Simply put, an eigenvalue is a measure of the variance explained by one component (or factor). Eigenvalues of a correlation matrix are used in exploratory factor analysis (FA) and exploratory principal components analysis (PCA) to determine the number of factors that should be kept without loosing too much information. The question here is: Can a correlation matrix be approximated (reproduced) with fewer factors than the number of variables of the correlation matrix?
There are different criteria to determine the number of factors in FA or components in PCA, for example the difference of the first eigenvalues (scree plot), the absolute size of a factor (e.g. > 0.0) or component (e.g. > 1.0), or (presumably the best available method) by using parallel analysis. A good paper describing the latter (assuming basic knowledge about FA and PCA) is:
Crawford, A. V., Green, S. B., Levy, R., Lo, W.-J., Scott, L., Svetina, D., & Thompson, M. S. (2010). Evaluation of parallel analysis methods for determining the number of factors. Educational and psychological measurement, 70, 885--901.

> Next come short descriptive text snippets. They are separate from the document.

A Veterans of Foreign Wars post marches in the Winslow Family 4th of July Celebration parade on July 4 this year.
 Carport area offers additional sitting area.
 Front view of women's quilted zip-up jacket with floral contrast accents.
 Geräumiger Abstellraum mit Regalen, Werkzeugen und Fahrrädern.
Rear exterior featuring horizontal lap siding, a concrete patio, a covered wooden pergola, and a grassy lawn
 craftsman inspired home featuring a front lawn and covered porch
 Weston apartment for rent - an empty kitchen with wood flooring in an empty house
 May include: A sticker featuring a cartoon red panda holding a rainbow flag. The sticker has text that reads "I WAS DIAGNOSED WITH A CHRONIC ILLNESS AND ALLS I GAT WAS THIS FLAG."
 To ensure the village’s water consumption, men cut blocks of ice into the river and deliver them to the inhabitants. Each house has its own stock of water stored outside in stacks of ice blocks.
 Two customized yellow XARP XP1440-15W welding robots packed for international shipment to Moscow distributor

If you are looking for a practical introduction into FA and PCA see: https://stats.oarc.ucla.edu/spss/seminars/introduction-to-factor-analysis/a-practical-introduction-to-factor-analysis/
A good paper explaining the decisions to be made in factor analysis is:
Preacher, K. J. & McCallum, R. C. (2003). Repairing Tom Swift's electric factor analysis machine. Unterstanding Statistics, 2, 13--43.
For more information about eigenvalues and eigenvectors, see some contributions here (especially by Sanket Tilekar and by Viktor Toth): https://www.quora.com/What-is-the-meaning-of-eigenvalues-in-factor-analysis
or here: https://stats.stackexchange.com/questions/2691/making-sense-of-principal-component-analysis-eigenvectors-eigenvalues
or for some intuitive "understanding" here (my favorite, the graphics are phantastic): http://www.alanfielding.co.uk/multivar/eigen.htm
In addition to the reply by Dirk Enzmann , let me add this note:
In a correlation matrix (the usual starting point for factor analysis and PCA), if all variance is common, then the sum of the full set of extracted factors' or components' eigenvalues will = k, where k is the number of variables involved.
So, if you had 20 variables, and the first extracted factor's eigenvalue was 8.543, that would indicate that the first factor extracted "captured" or "accounted for" about 42.7% of the variance in the data set. This would indicate that the remaining potential 19 factors would collectively explain the other 57.3% of the variance. As each successively extracted factor or component necessarily accounts for smaller portions of the variance, the first factor extracted always will have the highest eigenvalue for your chosen solution (before any rotation occurs, of course).
If this is still mysterious to you, it might be a good idea to consult with someone at your institution who is familiar with the procedure. That might be helpful for better understanding what the results allow you to infer about the structure of your data set.
... then you are not looking at the eigenvalues of the original correlation matrix and probably you are not running a principal components analysis but (for example) a principal axis or maximum likelihood factor analysis -- how eigenvalues are displayed depends on the software you are using. Without additional information about the software and the full commands used and the complete output it is hard to tell what it is that you see. You should consult the manual of the software you are using.